THE TASK:
Leaving out all pictures, transcribe the lines below exactly, from the first through the line containing "Wicked Collection Glinda".

GIVEN DATA:
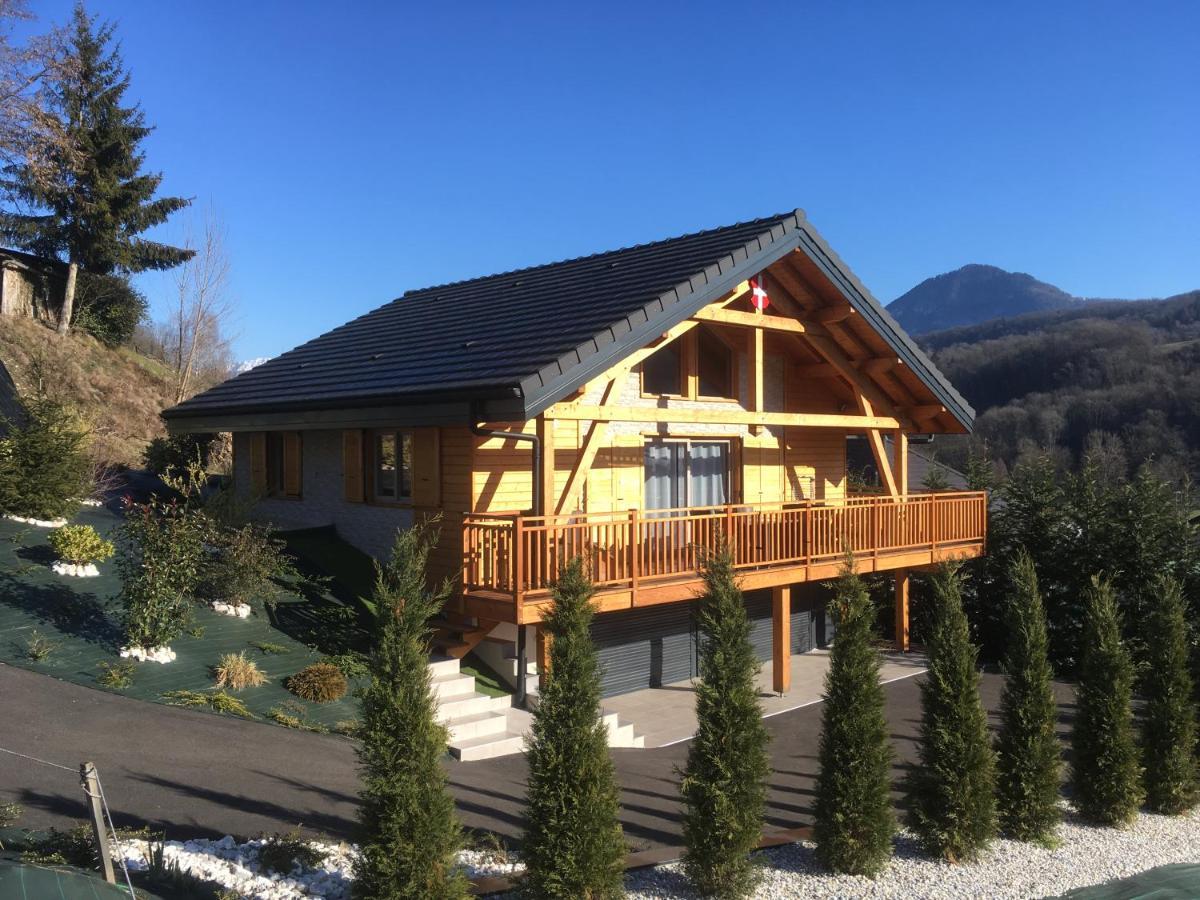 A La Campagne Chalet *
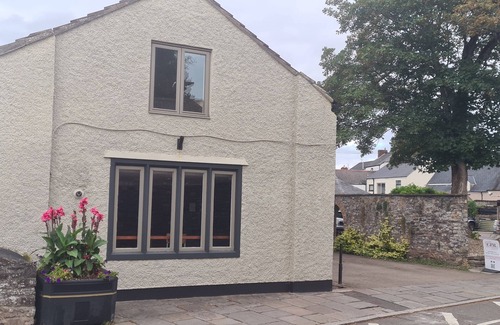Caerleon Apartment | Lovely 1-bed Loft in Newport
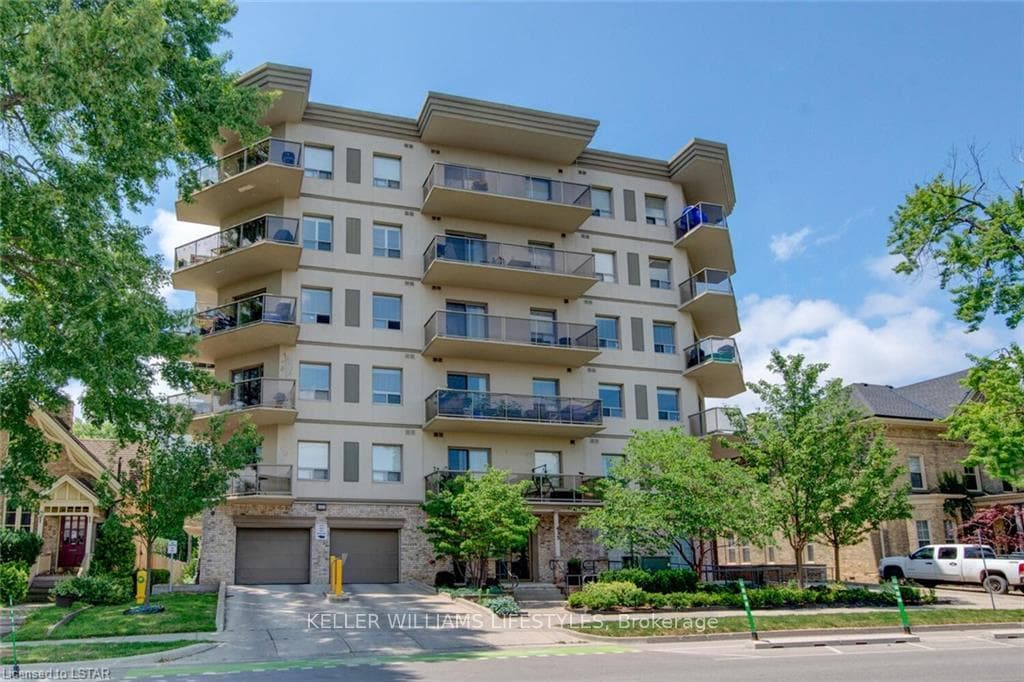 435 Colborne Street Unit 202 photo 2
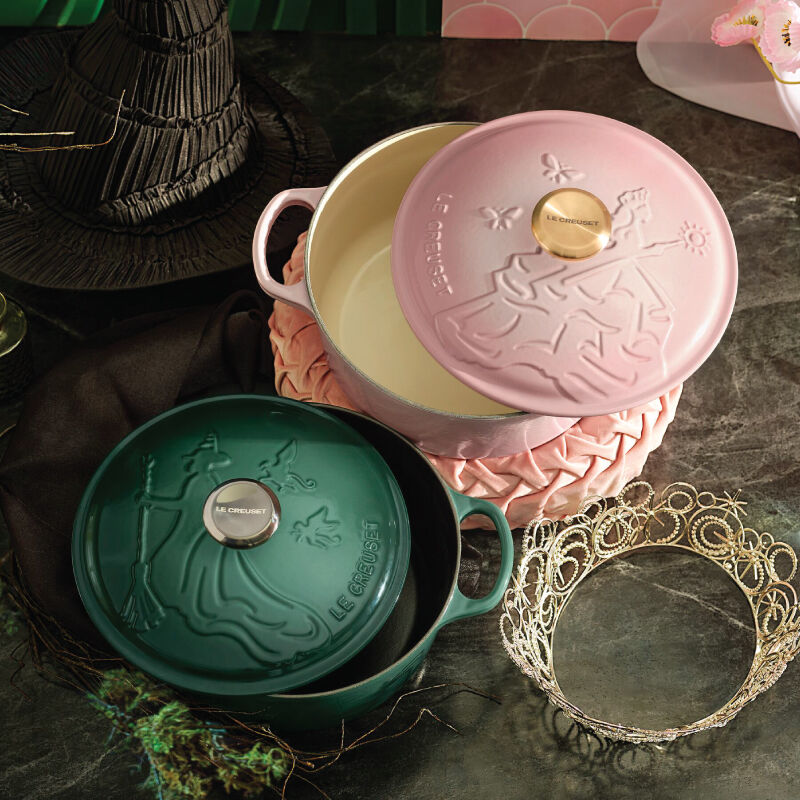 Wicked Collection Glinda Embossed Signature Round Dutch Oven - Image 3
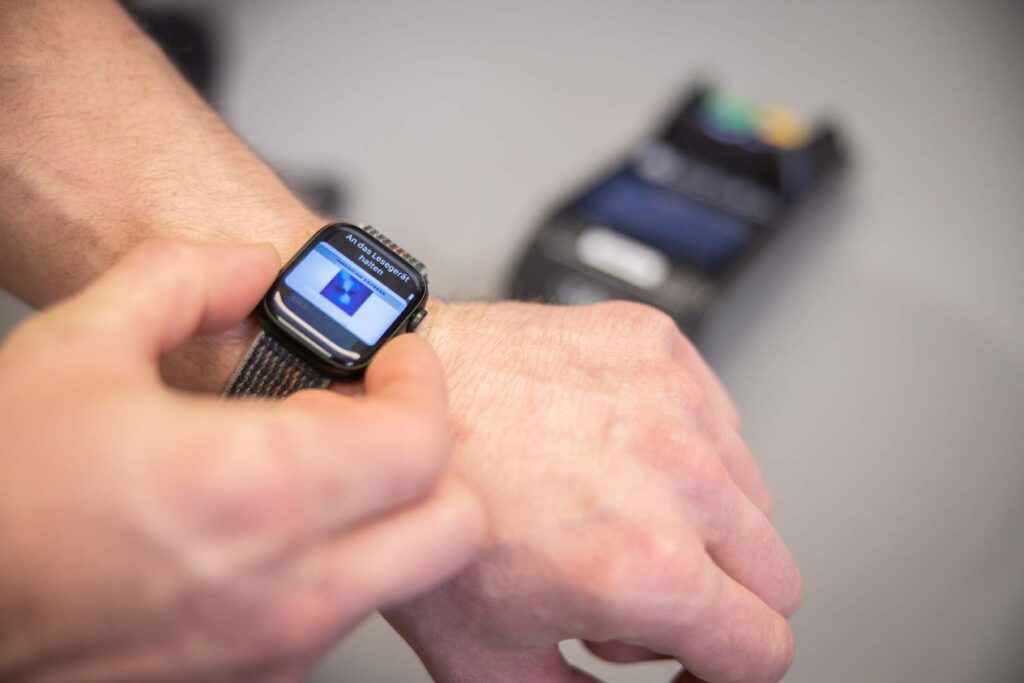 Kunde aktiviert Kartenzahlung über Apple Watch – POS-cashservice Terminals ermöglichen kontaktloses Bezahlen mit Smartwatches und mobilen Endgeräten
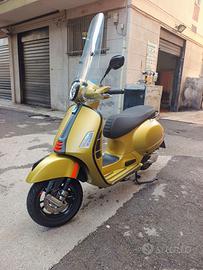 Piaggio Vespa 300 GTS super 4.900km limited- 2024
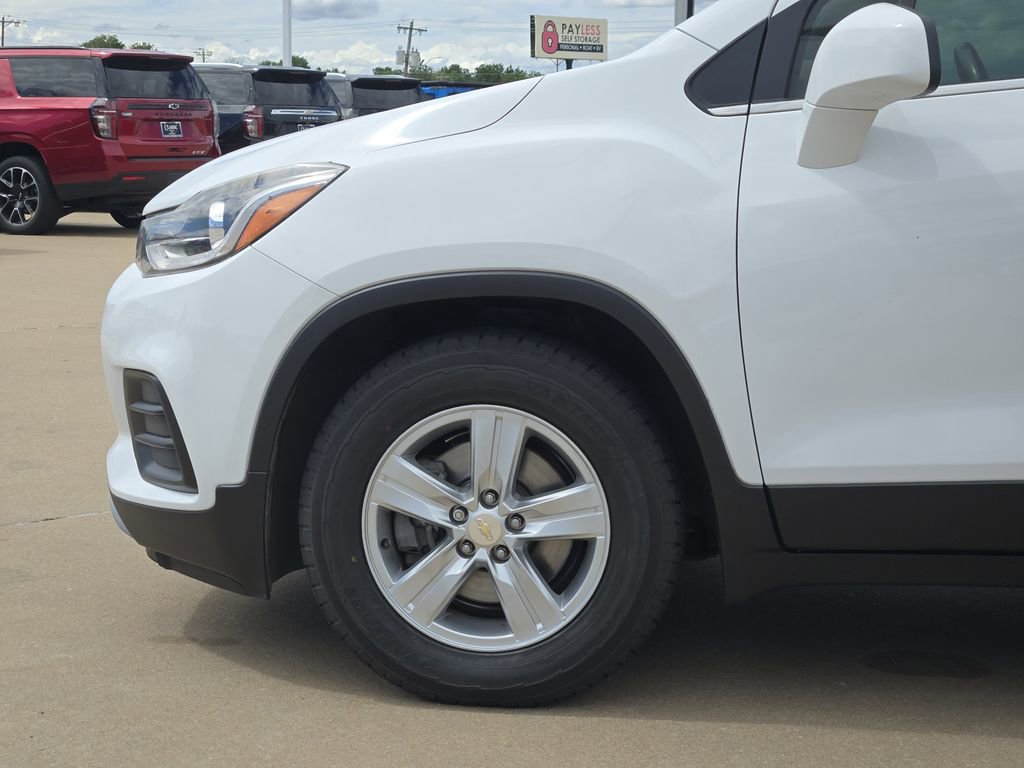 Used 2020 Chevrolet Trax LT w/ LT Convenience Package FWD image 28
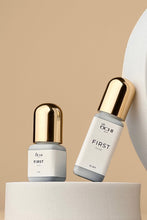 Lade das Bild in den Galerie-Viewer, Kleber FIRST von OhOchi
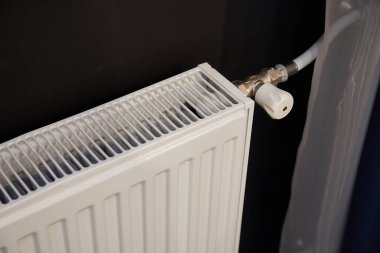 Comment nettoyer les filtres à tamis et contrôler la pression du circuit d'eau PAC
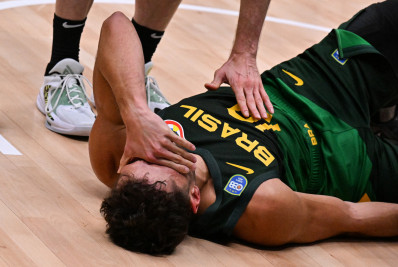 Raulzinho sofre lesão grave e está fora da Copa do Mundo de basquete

ANSWER:
 A La Campagne Chalet *
Caerleon Apartment | Lovely 1-bed Loft in Newport
 435 Colborne Street Unit 202 photo 2
 Wicked Collection Glinda Embossed Signature Round Dutch Oven - Image 3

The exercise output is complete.